• foams
• geometric topology
• link homology
• Quantum invariants

The aim of this thesis is to give an overview of the symmetric Khovanov-Rozansky link homologies introduced by L.H. Robert and E. Wagner, and later focus on the symmetric gl(1)-homology after the paper by L. Marino.

The symmetric Khovanov-Rozansky link homologies were first introduced as a categorification of the Reshetikhin-Turaev invariants associated to symmetric powers of the standard representation of Uq(sl(N)). One of the methods used to compute the sl(N) quantum invariants is the planar graphic calculus developed by Murakami, Ohtsuki and Yamada, referred to as exterior MOY calculus. MOY calculus gives a combinatorial way to describe the coloured link invariants. Starting from the works of Queffelec-Rose and Queffelec-Rose-Sartori, Robert and Wagner used an approach similar to that used in the exterior case to categorify the symmetric MOY calculus. In this thesis we concentrate specifically on the case N=1, where the use of decorated vinyl graphs gives a more concrete description of the symmetric gl(1)-homology.

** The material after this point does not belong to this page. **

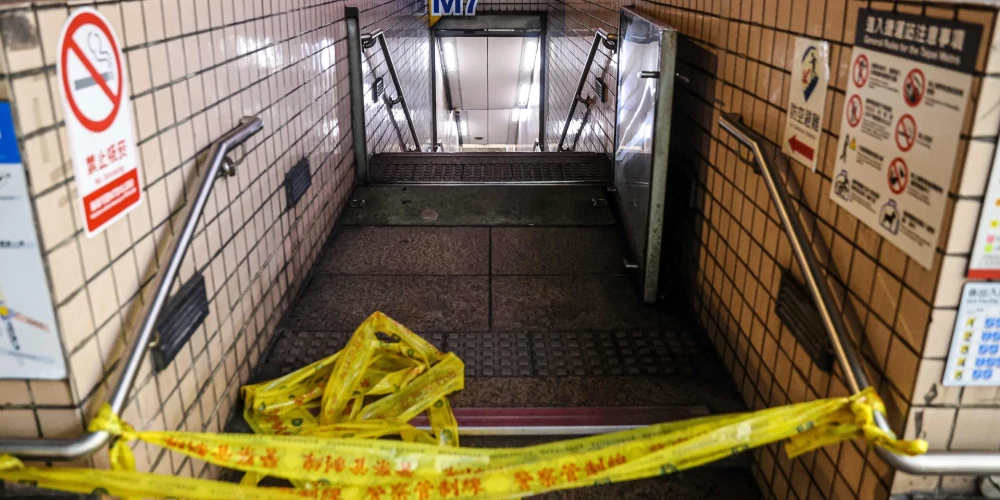 Uzbrukumā Taibejas metro nogalināti trīs cilvēki.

We first introduce the source category Foam, used to define the categorifying functor in the exterior case. In this category objects are MOY graphs while morphisms are given by foams. We define the exterior evaluation of foams and recall the universal construction used to define the functor F(N).

In order to apply the same construction in the symmetric case one has to restrict the source category. Therefore we consider the category with objects vinyl graphs and morphisms vinyl foams. Starting from this new category we define the functor S(N) via a universal construction, which categorifies the symmetric MOY calculus. We then obtain the symmetric link homologies by considering the hyper-rectangle of resolutions corresponding to a fixed link and applying the functor S(N) to it.

Finally, we restrict to the case N=1. We define decorated vinyl graphs, i.e vinyl graphs together with a choice of a family of homogeneous symmetric polynomials, and work with them instead of foams. In this case we are able to define a basis given by specific graphs called DUR graphs (decoration upper right), and use it to construct an algorithm to compute the invariants for uncoloured links. We conclude by describing the algorithm together with a running example.